Extracted records –
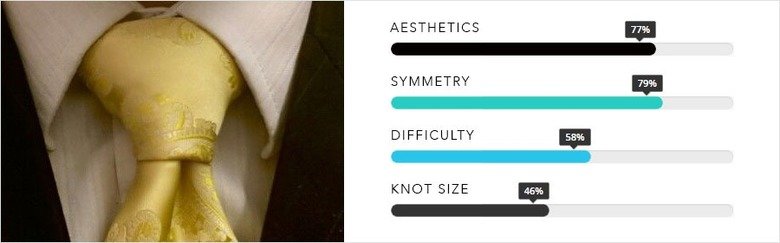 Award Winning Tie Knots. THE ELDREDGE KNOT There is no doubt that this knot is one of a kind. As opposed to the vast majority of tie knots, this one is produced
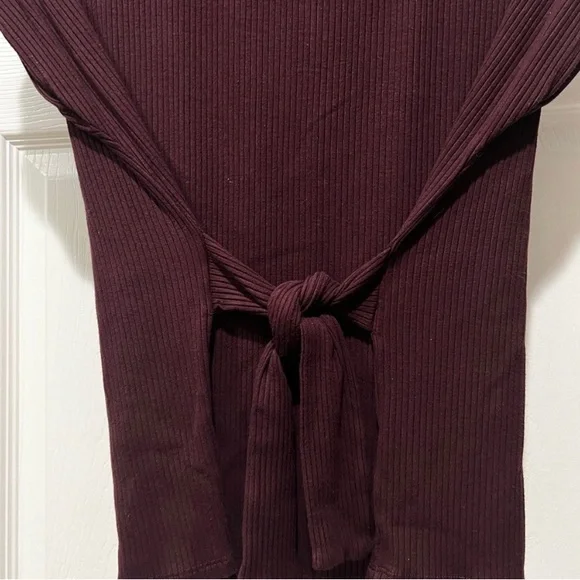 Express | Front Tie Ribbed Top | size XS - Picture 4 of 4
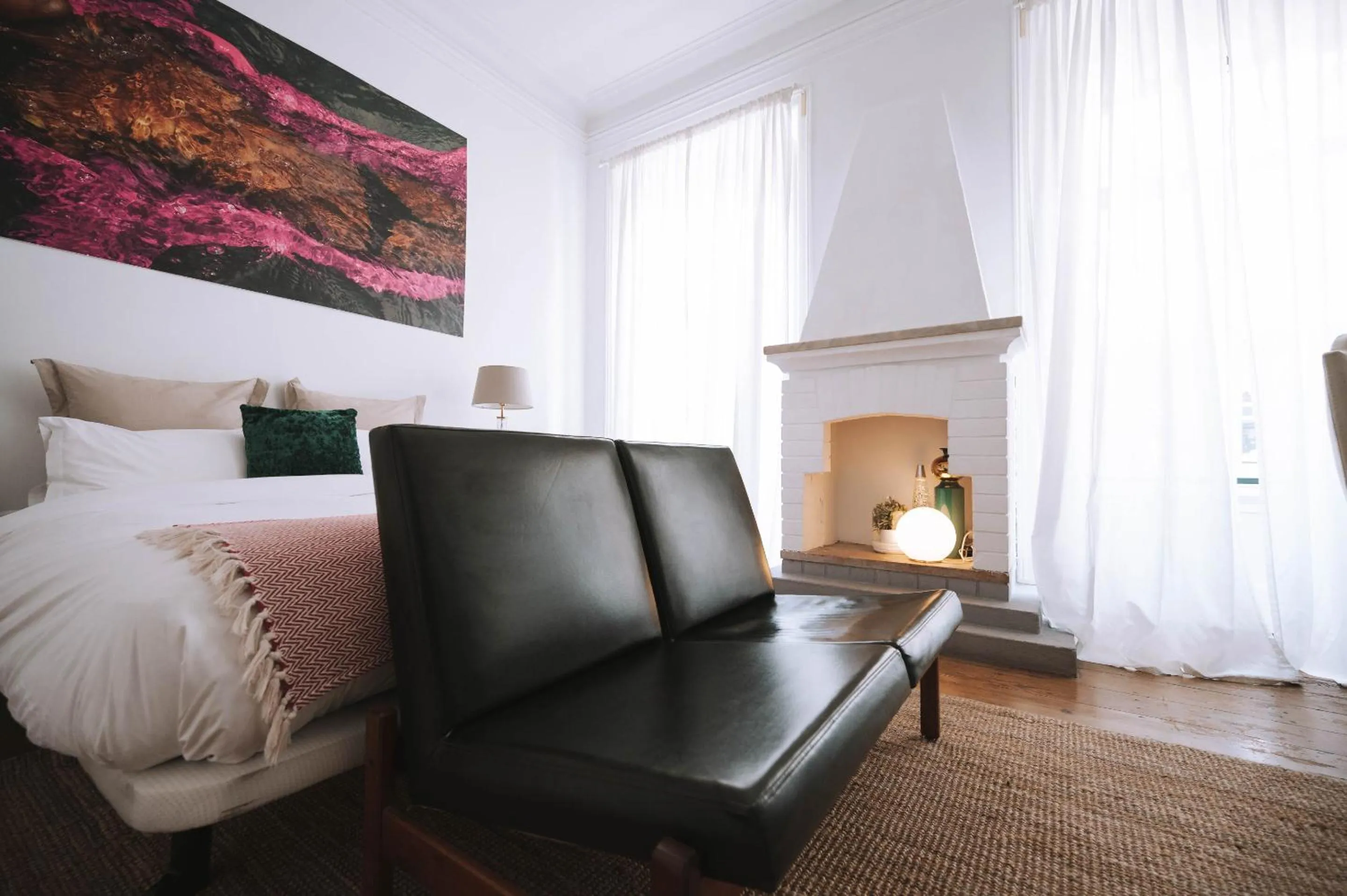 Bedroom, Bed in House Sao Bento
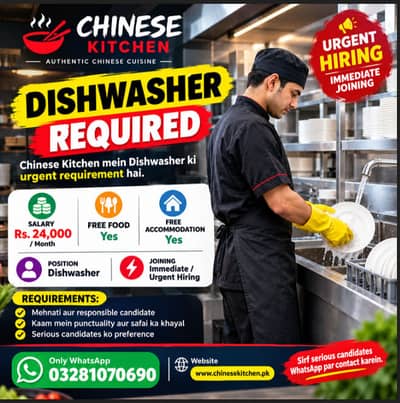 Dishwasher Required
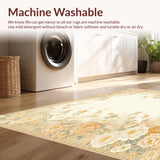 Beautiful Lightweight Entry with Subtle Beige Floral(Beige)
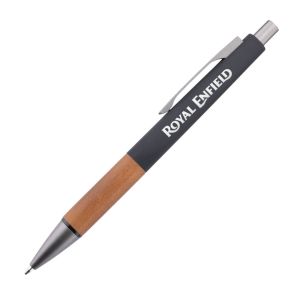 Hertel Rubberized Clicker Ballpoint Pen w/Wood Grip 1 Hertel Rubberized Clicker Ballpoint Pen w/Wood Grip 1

==

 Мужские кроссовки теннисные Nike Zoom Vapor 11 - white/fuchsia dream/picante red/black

* * *

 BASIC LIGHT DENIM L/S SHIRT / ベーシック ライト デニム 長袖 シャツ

Assigned task – Working from the entries above, reproduce exactly and only the lines beginning with the line that has "Award Winning Tie" and ending with the line that has "Hertel Rubberized Clicker Ballpoint Pen w/Wood Grip 1 Hertel"; omit all pictures.

Problem solution –
 Award Winning Tie Knots. THE ELDREDGE KNOT There is no doubt that this knot is one of a kind. As opposed to the vast majority of tie knots, this one is produced
 Express | Front Tie Ribbed Top | size XS - Picture 4 of 4
 Bedroom, Bed in House Sao Bento
 Dishwasher Required
 Beautiful Lightweight Entry with Subtle Beige Floral(Beige)
 Hertel Rubberized Clicker Ballpoint Pen w/Wood Grip 1 Hertel Rubberized Clicker Ballpoint Pen w/Wood Grip 1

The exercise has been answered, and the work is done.